And then some edges:

In [6]:
edges = spark.createDataFrame([
  ("a", "b", "friend"),
  ("b", "c", "follow"),
  ("c", "b", "follow"),
  ("f", "c", "follow"),
  ("e", "f", "follow"),
  ("e", "d", "friend"),
  ("d", "a", "friend"),
  ("a", "e", "friend")
], ["src", "dst", "relationship"])

In [7]:
edges.show(3, False)

+---+---+------------+
|src|dst|relationship|
+---+---+------------+
|a  |b  |friend      |
|b  |c  |follow      |
|c  |b  |follow      |
+---+---+------------+
only showing top 3 rows



Let's create a graph from these vertices and these edges:

In [8]:
g = GraphFrame(vertices, edges)
print(g)

GraphFrame(v:[id: string, name: string ... 1 more field], e:[src: string, dst: string ... 1 more field])

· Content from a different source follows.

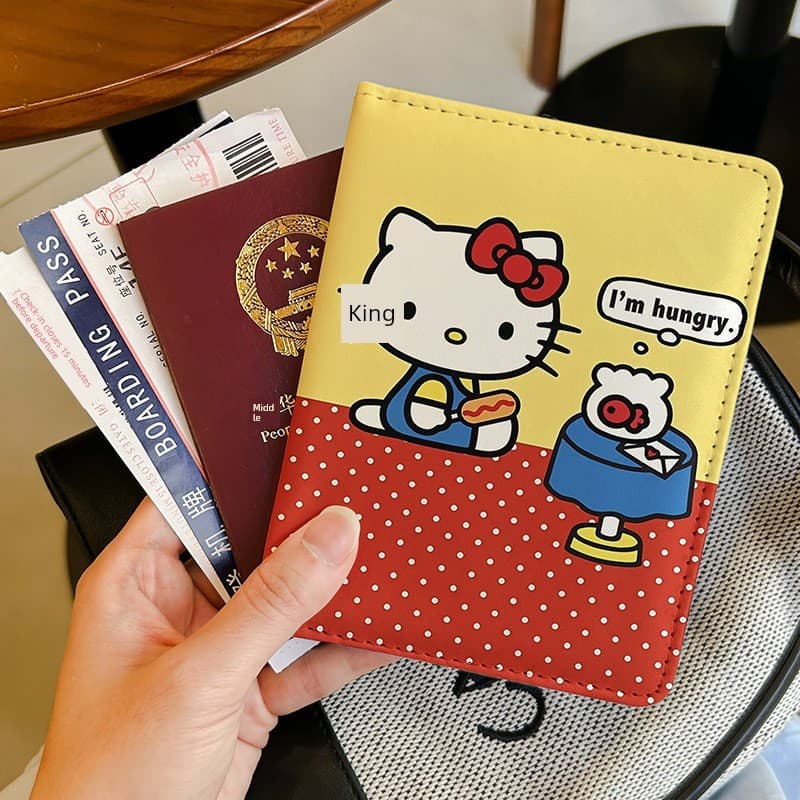 Bonito Hello kitty titular do cartão saco de documentos caso protetor dos desenhos animados kitty multifuncional viagem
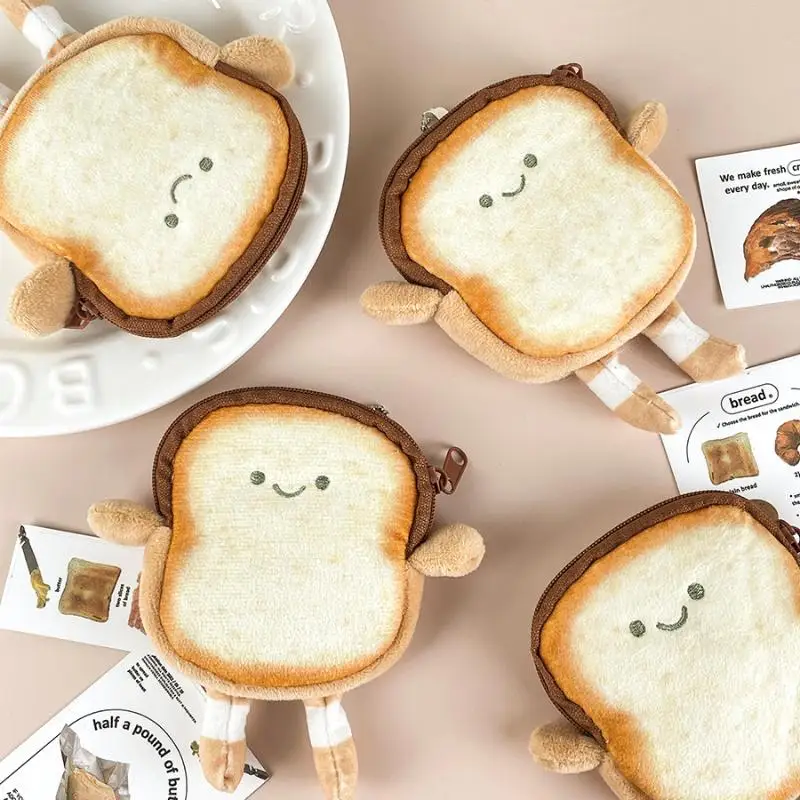 Cute Fluffy Toast 2 In 1 Zipper Coin Purse Keyring Cartoon Bread Shape Kawaii Gift Keychain For Women Kid Daily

## Basic graph and DataFrame queries
GraphFrames provide several simple graph queries, such as node degree.

Also, since GraphFrames represent graphs as pairs of vertex and edge DataFrames, it is easy to make powerful queries directly on the vertex and edge DataFrames. Those DataFrames are made available as vertices and edges fields in the GraphFrame.



In [9]:
display(g.vertices)

DataFrame[id: string, name: string, age: bigint]

In [10]:
g.vertices.show()

+---+-------+---+
| id|   name|age|
+---+-------+---+
|  a|  Alice| 34|
|  b|    Bob| 36|
|  c|Charlie| 30|
|  d|  David| 29|
|  e| Esther| 32|
|  f|  Fanny| 36|
|  g|  Gabby| 60|
+---+-------+---+



In [11]:
g.edges.show()

+---+---+------------+
|src|dst|relationship|
+---+---+------------+
|  a|  b|      friend|
|  b|  c|      follow|
|  c|  b|      follow|
|  f|  c|      follow|
|  e|  f|      follow|
|  e|  d|      friend|
|  d|  a|      friend|
|  a|  e|      friend|
+---+---+------------+



The incoming degree of the vertices:

In [12]:
g.inDegrees.show()



+---+--------+
| id|inDegree|
+---+--------+
|  b|       2|
|  c|       2|
|  f|       1|
|  d|       1|
|  a|       1|
|  e|       1|
+---+--------+



The outgoing degree of the vertices:

In [13]:
g.outDegrees.show()

+---+---------+
| id|outDegree|
+---+---------+
|  a|        2|
|  b|        1|
|  c|        1|
|  f|        1|
|  e|        2|
|  d|        1|
+---+---------+



The degree of the vertices:

In [14]:
g.degrees.show()

+---+------+
| id|degree|
+---+------+
|  b|     3|
|  a|     3|
|  c|     3|
|  f|     2|
|  e|     3|
|  d|     2|
+---+------+



You can run queries directly on the vertices DataFrame. For example, we can find the age of the youngest person in the graph:

In [15]:
youngest = g.vertices.groupBy().min("age")
youngest.show()

+--------+
|min(age)|
+--------+
|      29|
+--------+



Likewise, you can run queries on the edges DataFrame. For example, let's count the number of 'follow' relationships in the graph:

In [16]:
numFollows = g.edges.filter("relationship = 'follow'").count()
print("The number of follow edges is", numFollows)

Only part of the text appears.